WHAT NEEDS TO BE DONE — Output all the records word for word. Drop the pictures.

DATA TO PROCESS below:

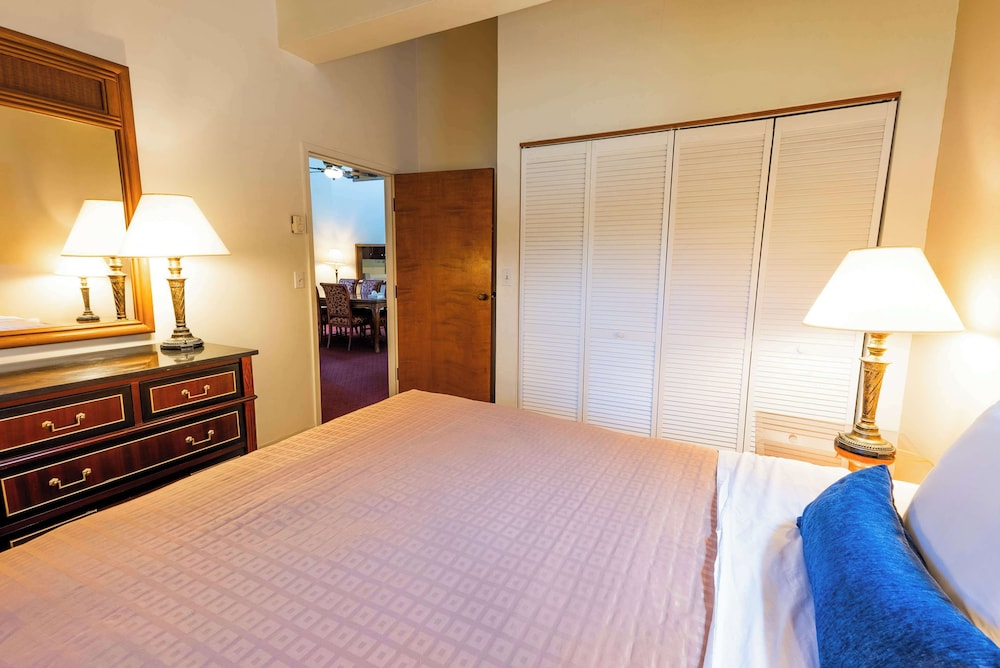 Fireside Inn & Suites Bangor - photo 11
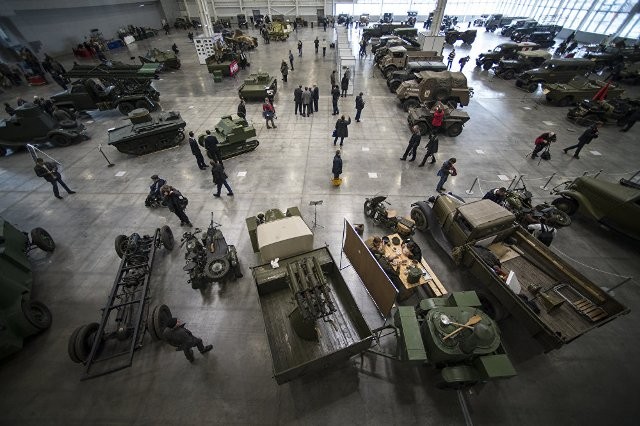 Trung tâm triển lãm quốc tế Crocus Expo tại Moskva tràn ngập những mẫu tăng, mẫu xe cổ trong Thế chiến thứ II.
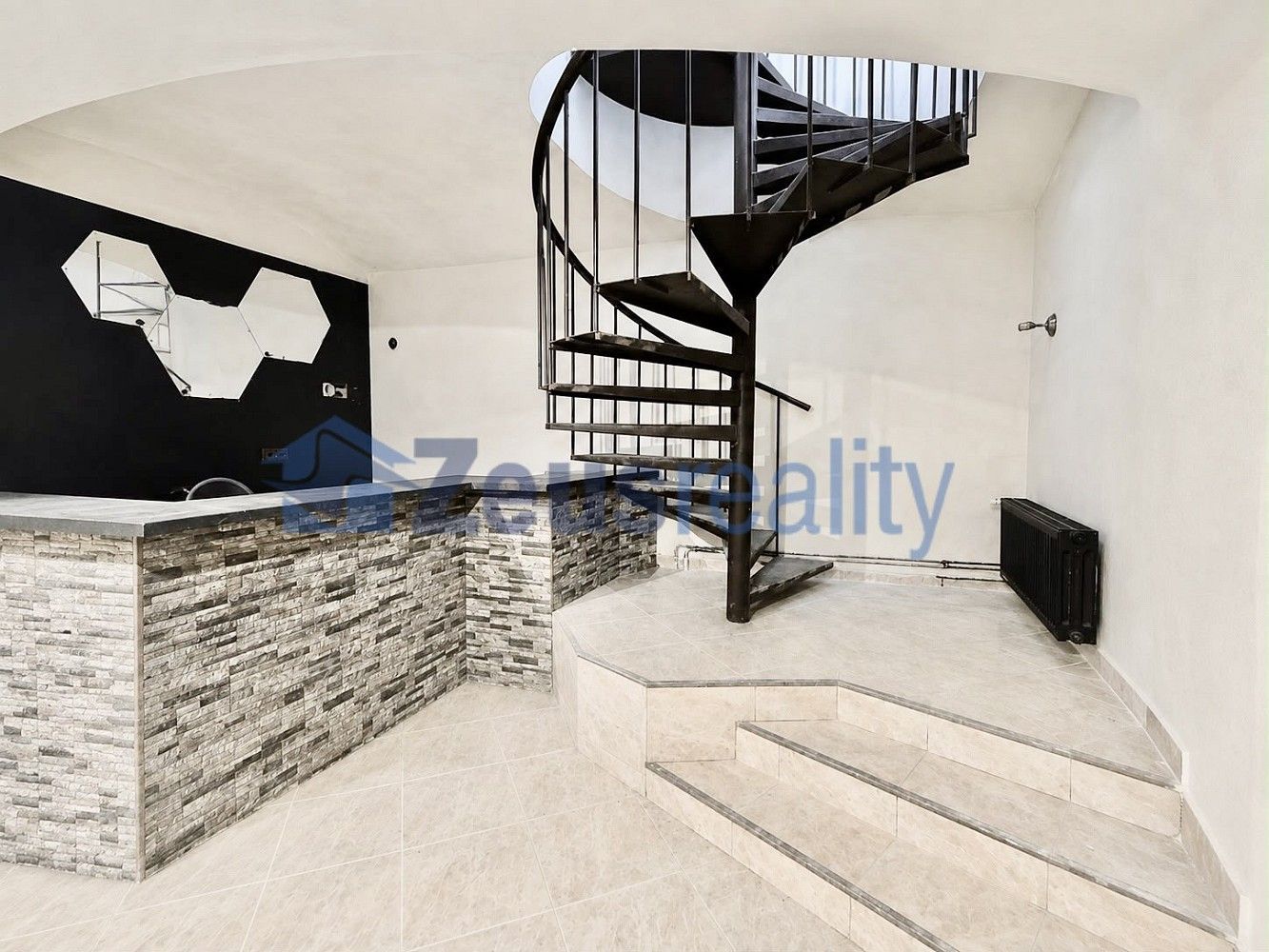 Obchodní prostory · 170 m² · Praha - Smíchov, okres Praha 5, Hlavní město Praha - 3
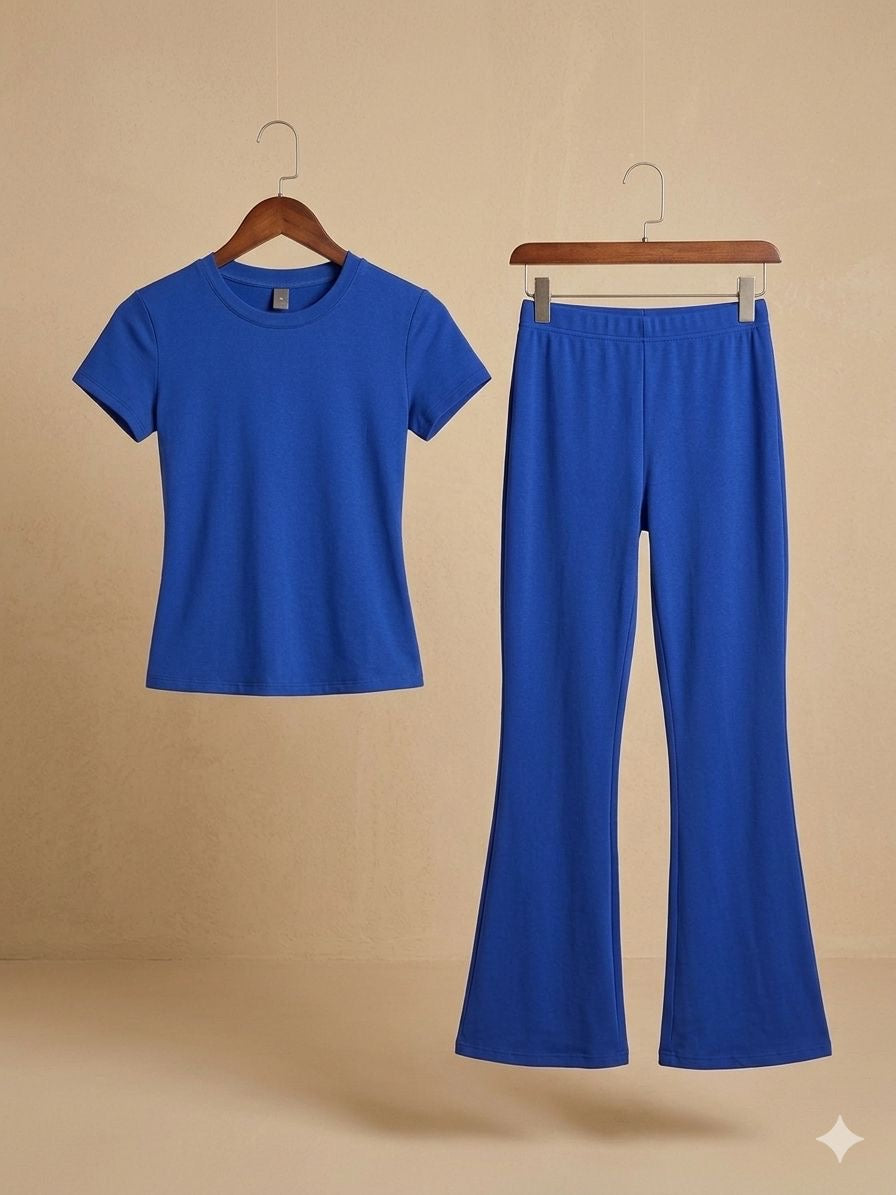 Set deportivo de blusa manga corta y leggins acampanado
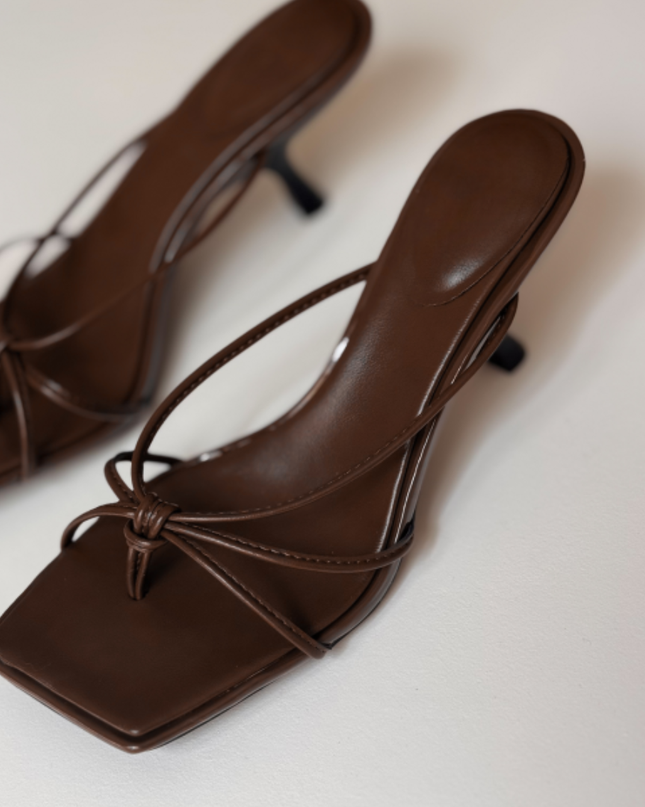 Luxe Knot Mules Leemon Pakistan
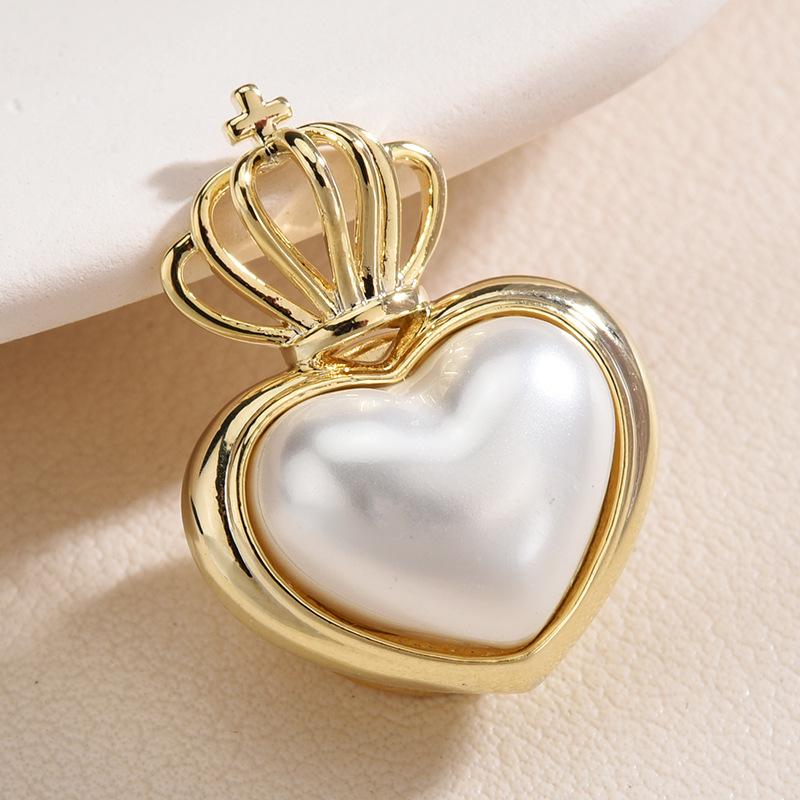 

Korean Heart Crown Brooch: Versatile Fashion Pin with Magnetic Closure золотой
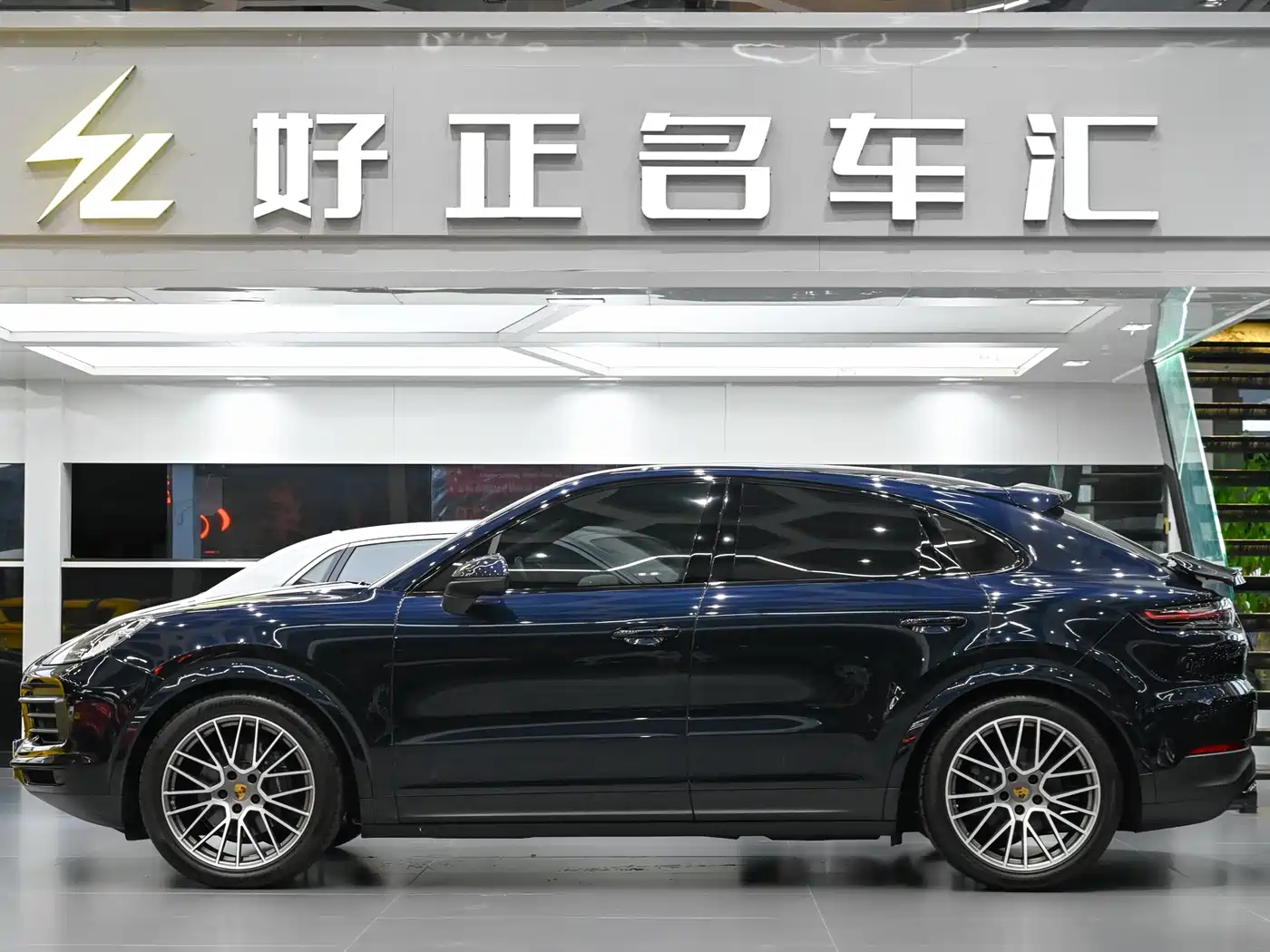 Porsche Cayenne 2023 Cayenne Coupé 3.0T Platinum Edition фото 2
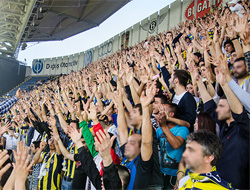 Fenerbahçe Galatasaray'ı alkışlayacak mı?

End of DATA TO PROCESS.

OUTPUT OF THE TASK —
 Fireside Inn & Suites Bangor - photo 11
 Trung tâm triển lãm quốc tế Crocus Expo tại Moskva tràn ngập những mẫu tăng, mẫu xe cổ trong Thế chiến thứ II.
 Obchodní prostory · 170 m² · Praha - Smíchov, okres Praha 5, Hlavní město Praha - 3
 Set deportivo de blusa manga corta y leggins acampanado
 Luxe Knot Mules Leemon Pakistan

Korean Heart Crown Brooch: Versatile Fashion Pin with Magnetic Closure золотой
 Porsche Cayenne 2023 Cayenne Coupé 3.0T Platinum Edition фото 2
 Fenerbahçe Galatasaray'ı alkışlayacak mı?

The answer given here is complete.